== Recorded data ==
++++++++++++++++++++

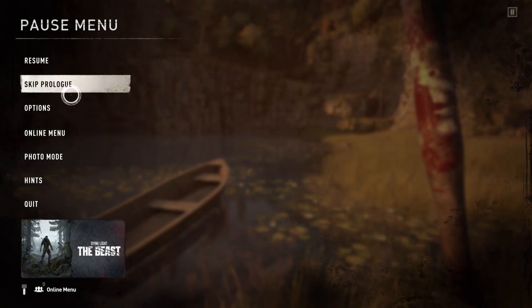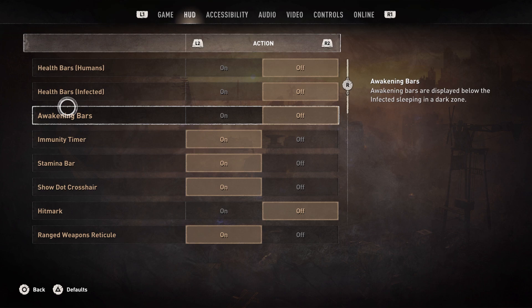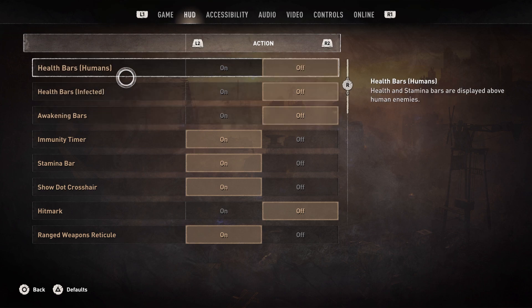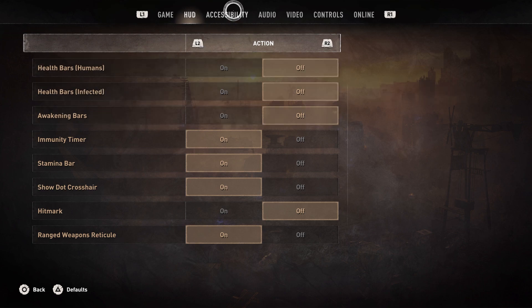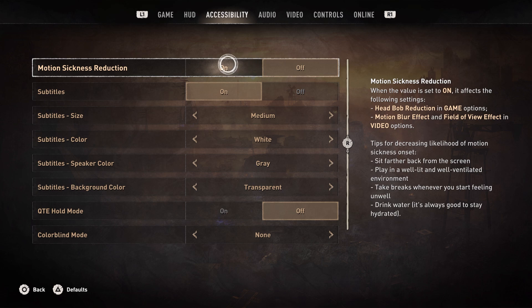So the first thing we're gonna do is go to Options and then go to the Accessibility tab right here, and then the top option will be motion sickness reduction, so it's gonna make your character shake a little less.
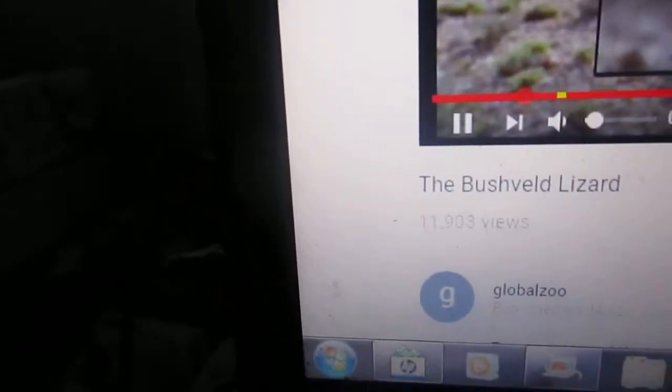It's the bushveld. That lizard can mimic a beetle. I'm gonna end it now.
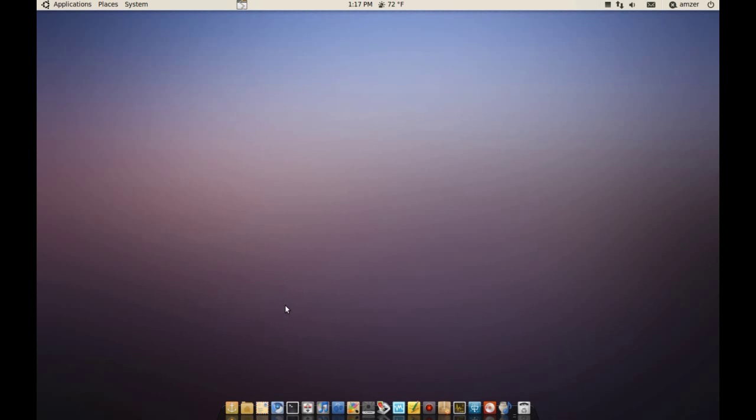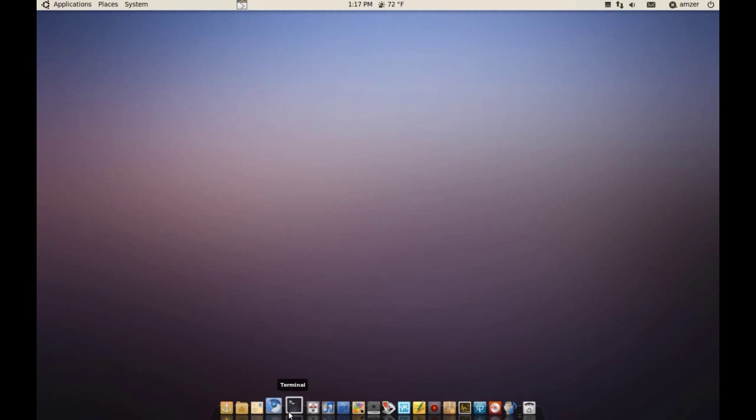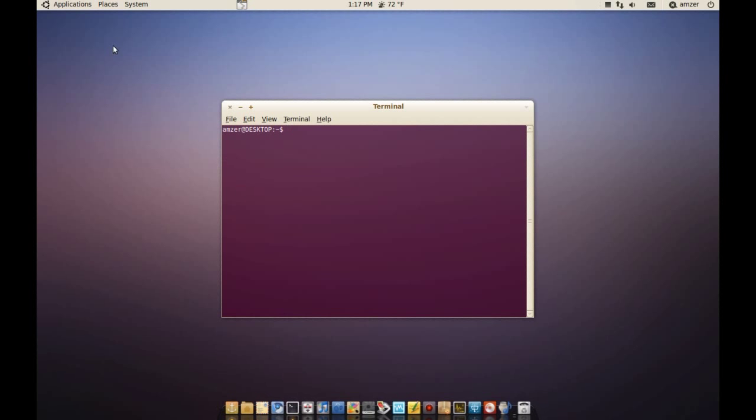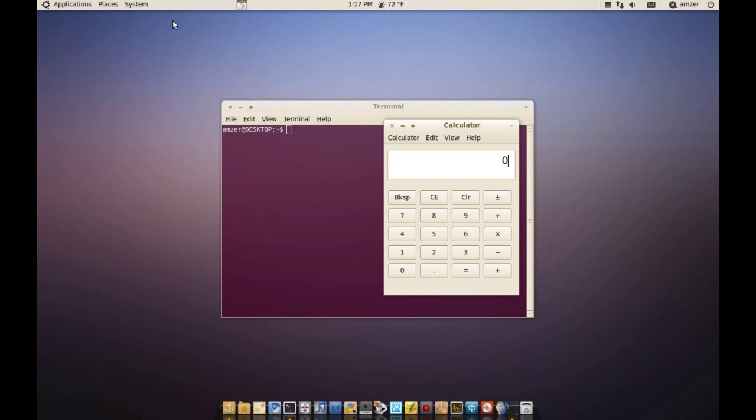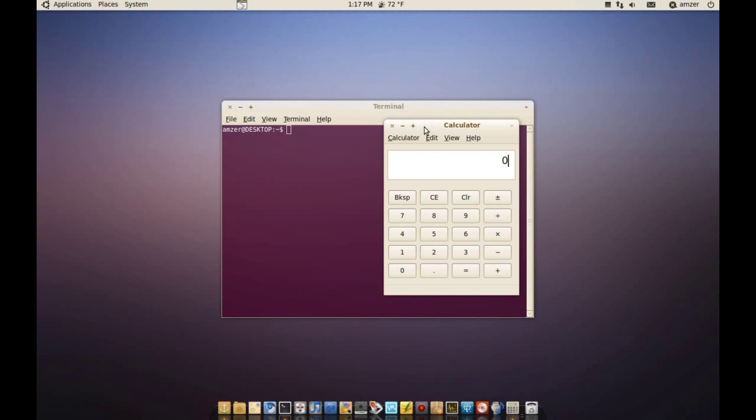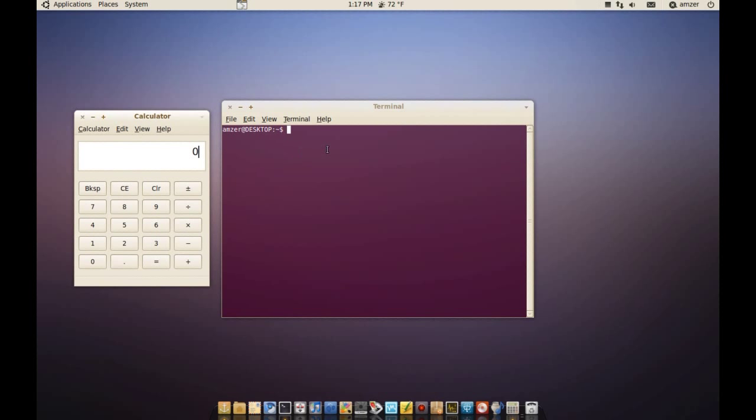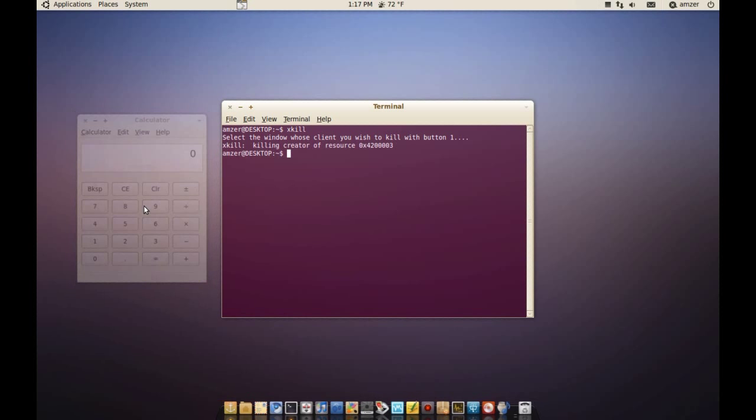Another way is by going to terminal. Let me open the calculator again. And what you can do here is just type xkill and enter, and then you click on the calculator and it gets rid of it or any other application.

++++++++++++++++++++

== Exercise brief ==
Although the material contains pictures, only the lines are to be written out, exactly as they stand.

== Response for this exercise ==
So the first thing we're gonna do is go to Options and then go to the Accessibility tab right here, and then the top option will be motion sickness reduction, so it's gonna make your character shake a little less.
It's the bushveld. That lizard can mimic a beetle. I'm gonna end it now.
Another way is by going to terminal. Let me open the calculator again. And what you can do here is just type xkill and enter, and then you click on the calculator and it gets rid of it or any other application.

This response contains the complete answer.